WHAT THE TASK ASKS
Word for word, the data below must be repeated in full; no picture is to be included.
DATASET RECORDS START
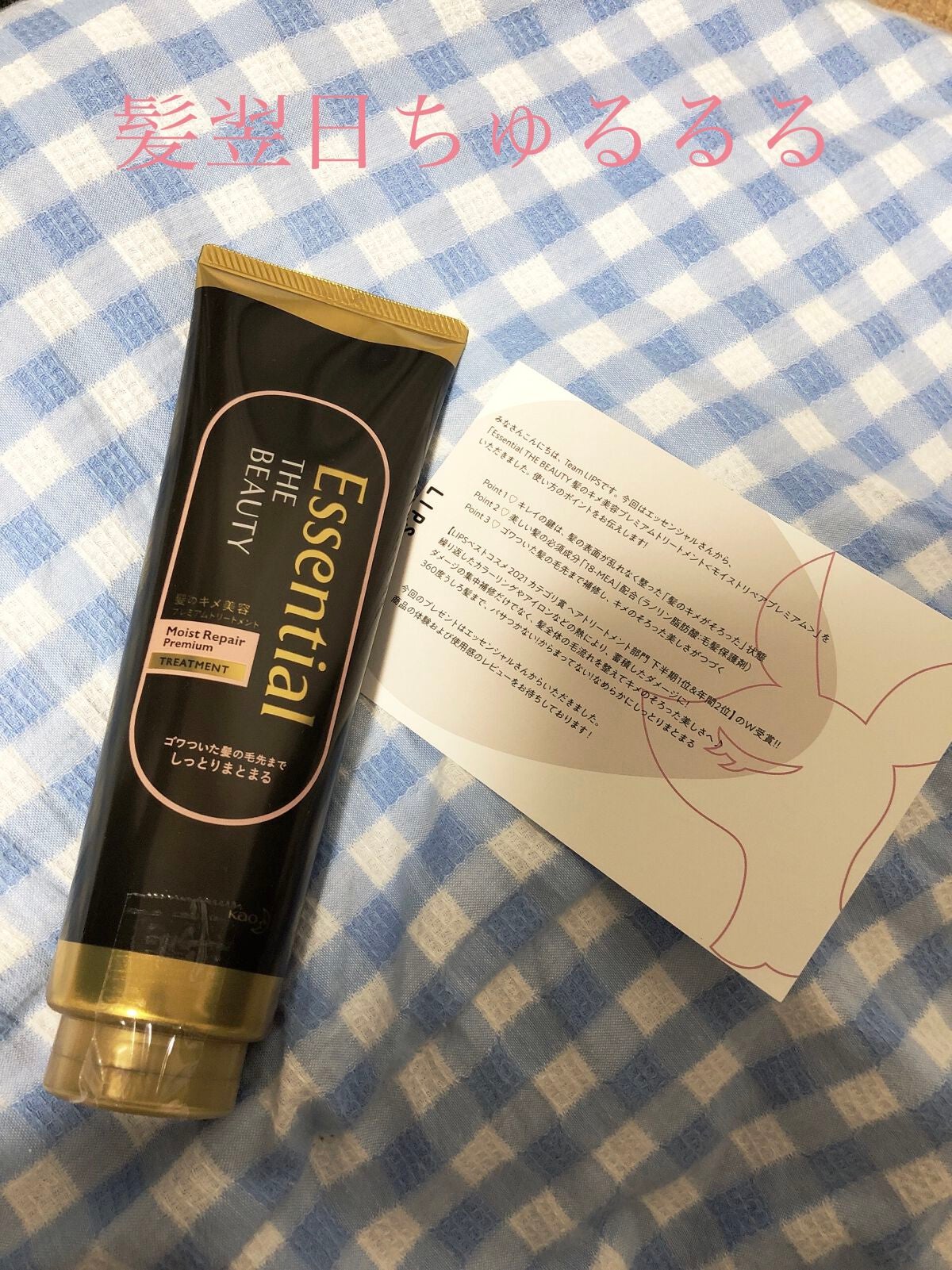 THE BEAUTY 髪のキメ美容プレミアムトリートメント<モイストリペアプレミアム>/エッセンシャル/洗い流すヘアトリートメントを使ったクチコミ(1枚目)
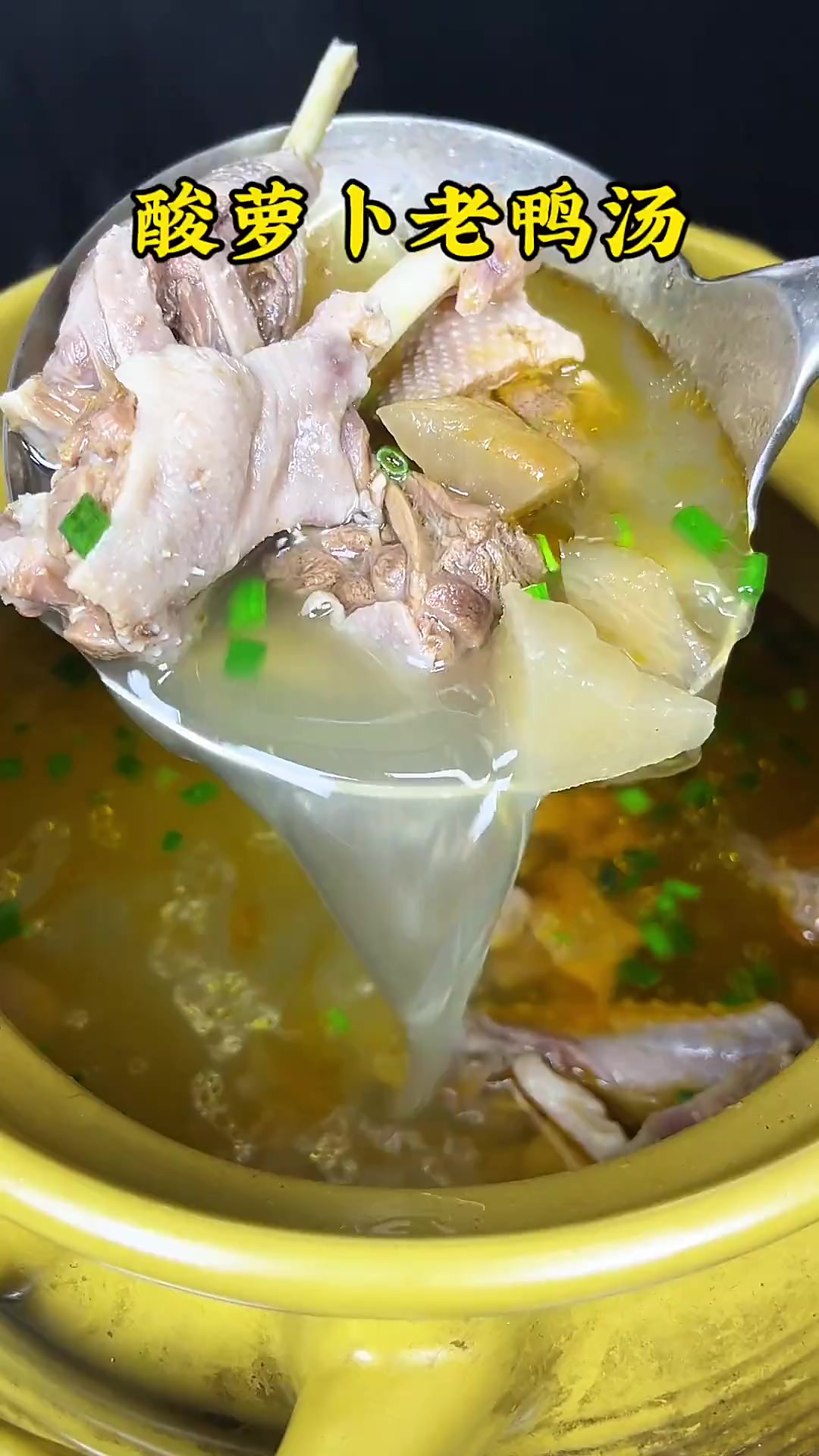 夏天没胃口，做一锅酸萝卜老鸭汤，酸酸的好开胃，家里人都爱喝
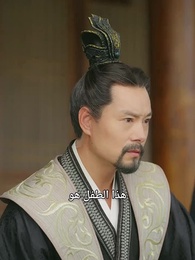 المملكة العظمى: قدر وريث العرش - Episode 12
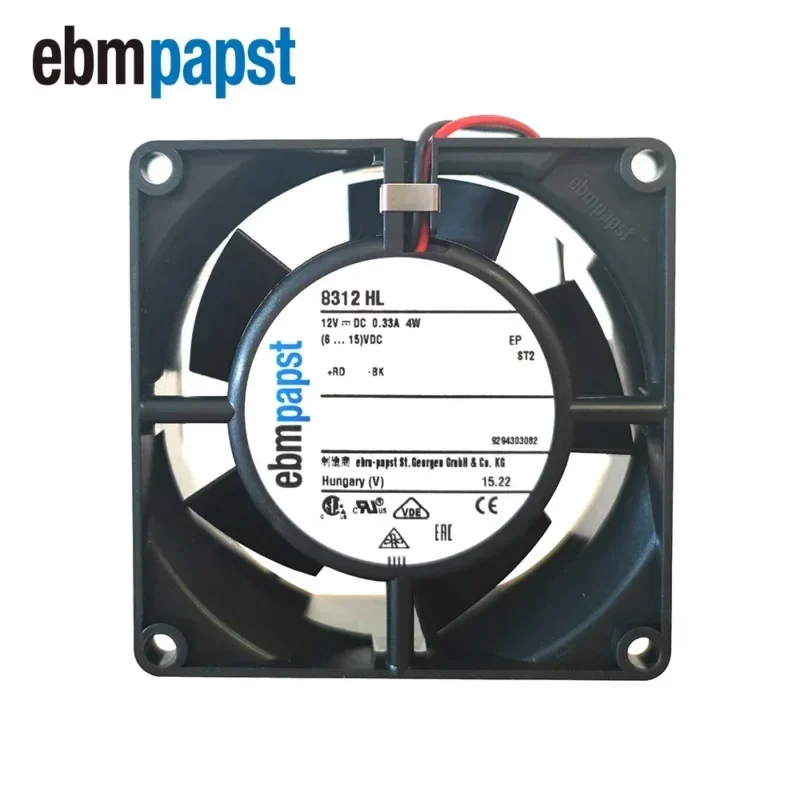 ebmpapst 8312HL 80x80x32mm 12V DC 4W 5.8A 39.4 CFM 4200RPM 43dBA Medical Equipment Axial Fan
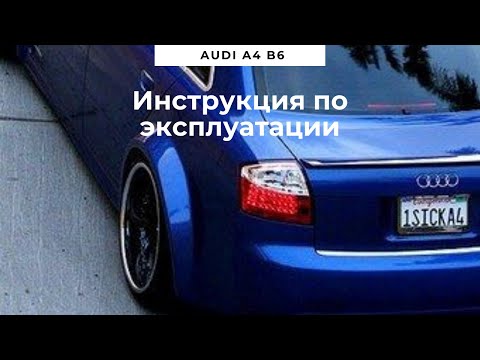 Видео: Инструкция по эксплуатации Ауди  А4 Б6/ Инструкция Audi A4 B6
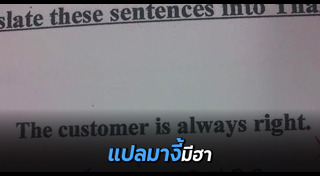 ภาษาอังกฤษ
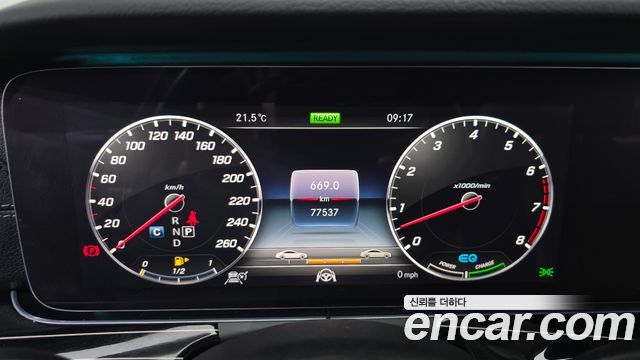 Mercedes-Benz CLS-Class 2019 — photo 11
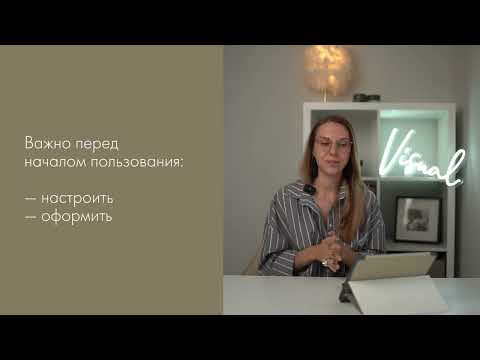 ChatGPT с нуля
DATASET RECORDS END
RESPONSE AREA
 THE BEAUTY 髪のキメ美容プレミアムトリートメント<モイストリペアプレミアム>/エッセンシャル/洗い流すヘアトリートメントを使ったクチコミ(1枚目)
 夏天没胃口，做一锅酸萝卜老鸭汤，酸酸的好开胃，家里人都爱喝
 المملكة العظمى: قدر وريث العرش - Episode 12
 ebmpapst 8312HL 80x80x32mm 12V DC 4W 5.8A 39.4 CFM 4200RPM 43dBA Medical Equipment Axial Fan
 Видео: Инструкция по эксплуатации Ауди  А4 Б6/ Инструкция Audi A4 B6
 ภาษาอังกฤษ
 Mercedes-Benz CLS-Class 2019 — photo 11
 ChatGPT с нуля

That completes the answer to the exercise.